Given information —
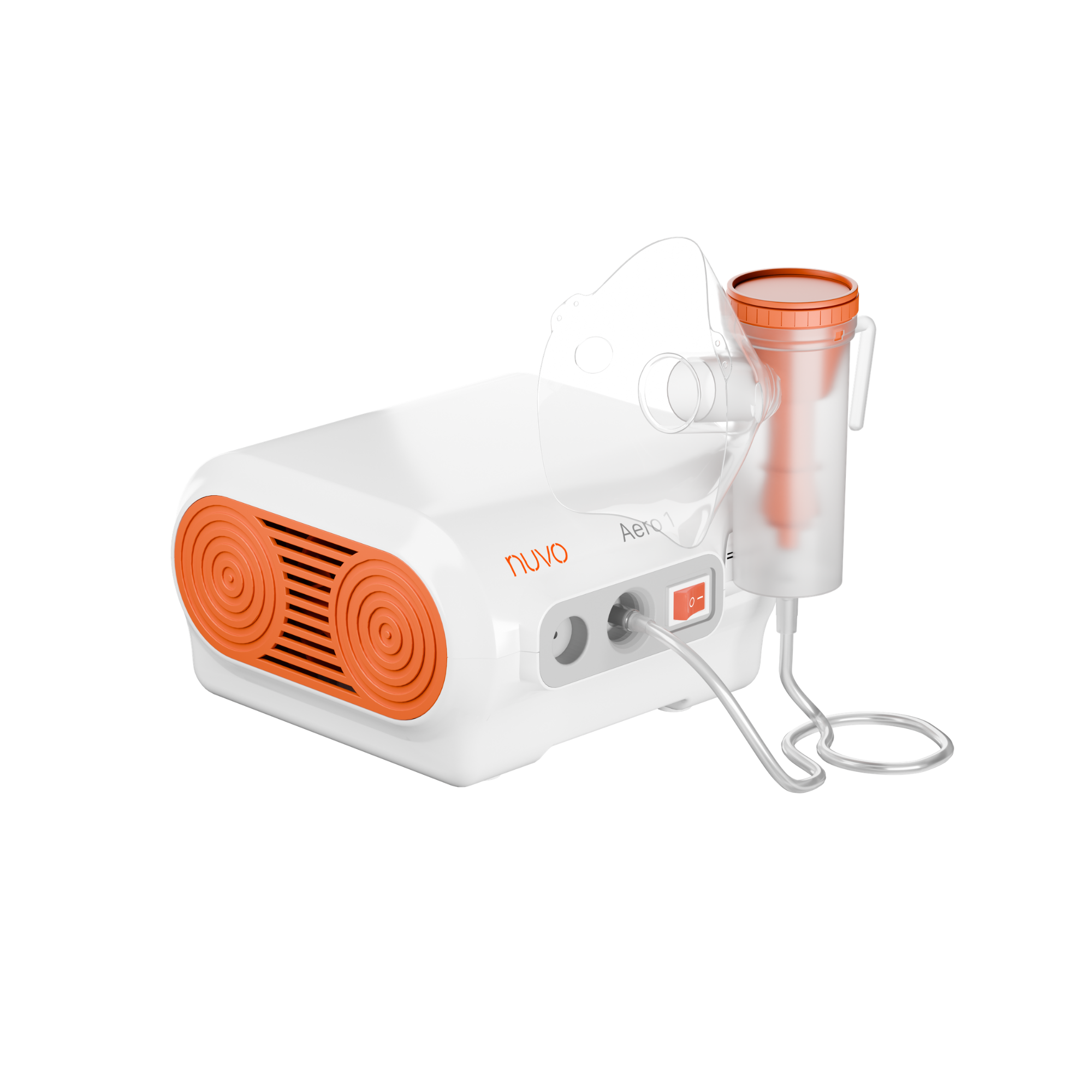Nebulizador Nuvo Aero 1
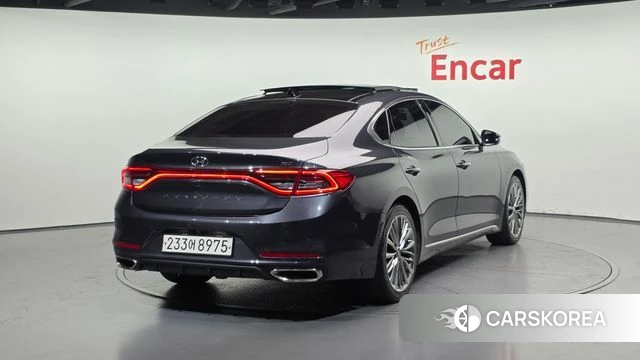 Hyundai Grandeur IG id 4304849 из Кореи 12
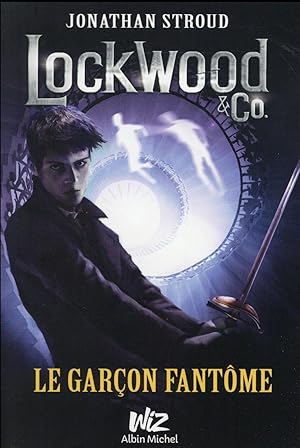 Imagen del vendedor de Lockwood & Co. Tome 3 : le garon fantme a la venta por Chapitre.com : livres et presse ancienne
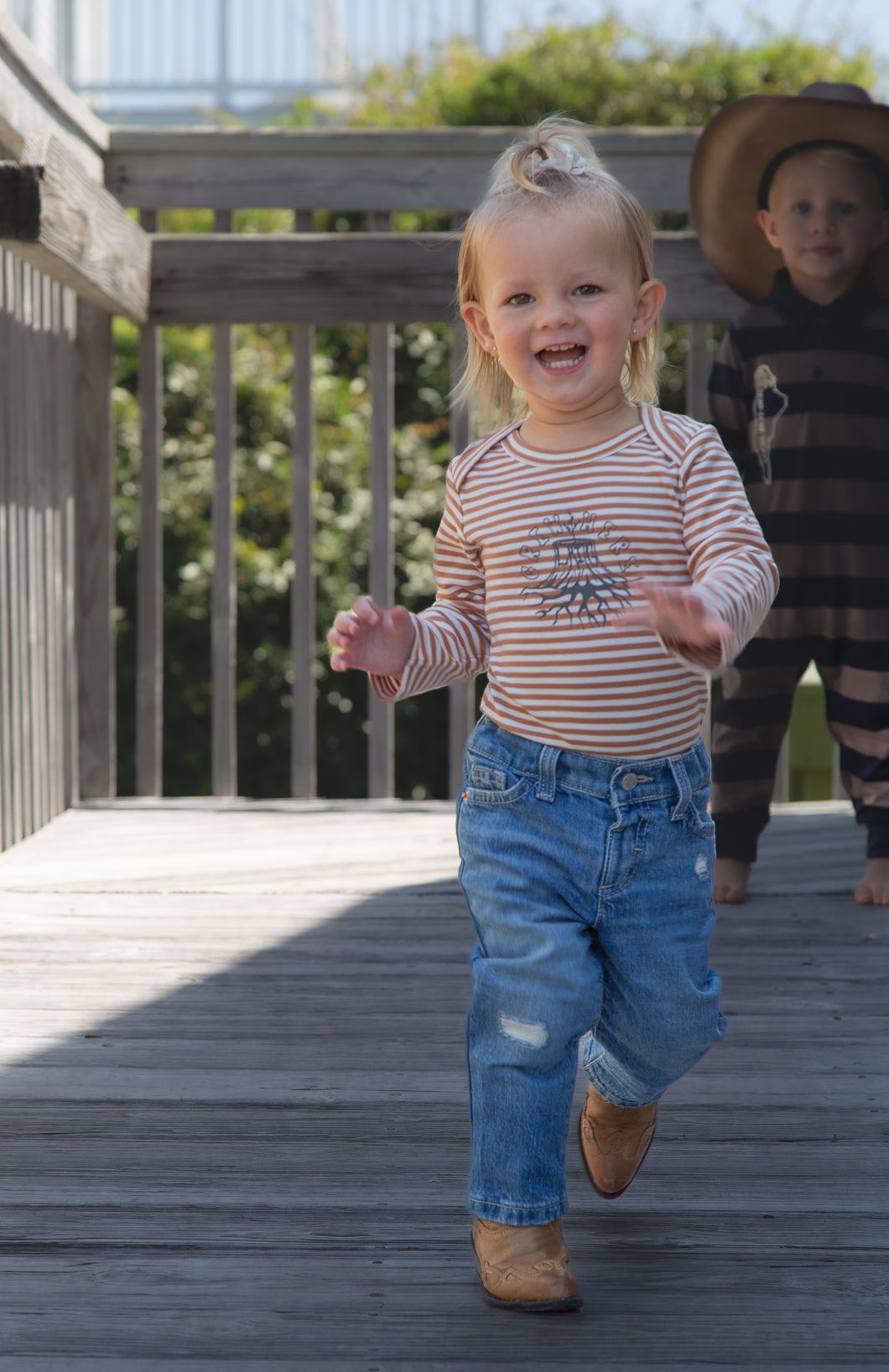 Grew Here Organic Bodysuit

Exercise description —
Return the whole listing word for word. Pictures stay out of it.

Response box —
Nebulizador Nuvo Aero 1
 Hyundai Grandeur IG id 4304849 из Кореи 12
 Imagen del vendedor de Lockwood & Co. Tome 3 : le garon fantme a la venta por Chapitre.com : livres et presse ancienne
 Grew Here Organic Bodysuit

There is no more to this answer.